No one sneezed or coughed. Although, now that I think about it, my man sneezed last night just before we slipped into our dream-weaving coziness. “Bless you,” I said while heavy in neon pink highlights of The Fire Starter Sessions passages.
Back to my morning meditation orchestration – it was just me and my angels orbiting. Love, gratitude, grace, faith – I was dialed in. Divine connection.

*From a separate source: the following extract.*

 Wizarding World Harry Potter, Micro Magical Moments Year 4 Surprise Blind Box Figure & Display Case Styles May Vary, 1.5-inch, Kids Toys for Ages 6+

This morning’s meditation filled me with colossal amounts of gratitude. Like grateful for every graceful breath kind-of-gratitude. Straight up gratitude for being able to smooth out my rough edges. Seriously. Gratitude for every millisecond – every inhale, every exhale, every swallow, every touch, every tear for truth, every moment of heightened awareness and every beaming smile from deep joy. It all comes down to this milli-moment I exist in. And at this very moment I have a roof over my head, clothes on my back, clean water to drink, keen awareness, fancy digital gear to ‘socialize’ with, truth, a capable heart and an intelligent mind. All solid blessings in this very given moment.
Over the years, I’ve learned that my relationship to a Spiritual Source is my ultimate touchstone for love, gratitude, grace, faith and trust – a constant faith filter. In my biggest moments of frustration, my faith filter inspires me to re-think my perception and anchor to patience. I use it in split seconds – during moments of uncertainty, loneliness, frustration and doubt. Like, literally in holy moments. Instead of fading out of control, I remain connected to my spark, staying in control – no matter how hard the ‘make it a double on the rocks’ moment it is. Instead of reacting from a place of emotional stress, I filter the moment and recalibrate my thoughts and feelings. The bottom line: I am responsible for my own thoughts, feelings and actions. Always.
Only I can control the liquid in my skin. No matter how hot it boils.
I always have the choice to think, feel and act clearly. If not, I consume my self with negative thoughts, heavy emotions and tired reactions.
But when I take a holy instant to align with my faith filter, I am at ease – regardless of the chaos around me. And that is a solid blessing. Because I proceed cool minded and warm-hearted. I imagine that is my Spiritual Source’s vibe as well.
So today I glorify my Spiritual Source and utter with solid praise, “Bless you.”